ML-Powered Search & Ranking • Query Understanding (Intent, Parsing, Rewriting)Easy⏱️ ~2 min
What is Query Understanding in Search Systems?
Query understanding converts raw user text into a structured representation that retrieval and ranking systems can act on. When a user types something like "levi black jeans for men under 50," the system must decode intent, extract entities like brand and price, normalize variations, and route to the right index. This happens in milliseconds before any document retrieval begins.
The process includes four core steps. Intent classification determines query type, such as navigational versus informational or product versus help. Parsing identifies entities and attributes like product type, brand, color, size, price range, dates, and locations. Rewriting reformulates the query to resolve ambiguity, normalize brand names, and expand or relax terms to improve recall. Routing chooses the right index or vertical, such as catalog versus help center versus forum posts, and enforces permission or compliance filters.

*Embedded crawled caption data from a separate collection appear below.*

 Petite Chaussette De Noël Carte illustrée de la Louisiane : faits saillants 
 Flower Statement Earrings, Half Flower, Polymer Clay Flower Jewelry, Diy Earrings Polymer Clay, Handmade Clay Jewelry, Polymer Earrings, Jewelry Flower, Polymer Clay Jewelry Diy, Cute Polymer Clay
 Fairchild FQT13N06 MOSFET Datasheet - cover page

Practical budgets are extremely tight. Teams often target 5 to 15 milliseconds at the 50th percentile (p50) and under 30 milliseconds at the 95th percentile (p95) on CPU for the entire query understanding stage. The end to end search budget is commonly 150 to 300 milliseconds at p50 and 300 to 600 milliseconds at p95. Google Search and Amazon product search both run query understanding at tens of thousands of requests per second at peak, with autoscaling to hundreds of instances. Peak events like Black Friday can push traffic 3 to 5 times higher, so systems maintain 30 percent or more headroom and use in memory caches for high frequency queries.
💡 Key Takeaways
•Query understanding runs in 5 to 15 milliseconds at p50 and under 30 milliseconds at p95, consuming only 10 to 20 percent of the total search latency budget of 150 to 300 milliseconds at p50.

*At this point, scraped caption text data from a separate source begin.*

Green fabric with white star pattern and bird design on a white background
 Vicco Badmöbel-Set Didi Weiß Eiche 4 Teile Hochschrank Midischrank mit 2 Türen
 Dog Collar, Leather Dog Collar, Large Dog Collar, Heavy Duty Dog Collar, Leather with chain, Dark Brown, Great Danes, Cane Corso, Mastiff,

•Four core steps are intent classification to determine query type, parsing to extract entities like brand and price, rewriting to normalize and expand terms, and routing to select the right index and apply filters.
•Large scale systems at Amazon and Google handle tens of thousands of requests per second at peak with 30 percent or more capacity headroom to absorb traffic spikes during events like holiday sales.
•Cache hit rates for head queries reach 30 to 60 percent with Time To Live (TTL) of 1 to 5 minutes, stabilizing results and absorbing burst traffic while tail queries see near zero cache hits.
•Suggest as you type experiences require even tighter budgets, with sub 50 milliseconds end to end and query understanding staying under 5 to 10 milliseconds per keystroke.
📌 Examples
Amazon product search: user types "sony noise cancelling headphones," system classifies as Electronics, extracts brand Sony and feature noise cancelling, routes to electronics catalog with price and rating facets, completes in 12 milliseconds at p50.
Airbnb location search: user types "cabin lake tahoe 2 bedrooms," system extracts property type cabin, location Lake Tahoe, and filter bedrooms equals 2, normalizes location to canonical identifier, routes to lodging index with date and occupancy filters.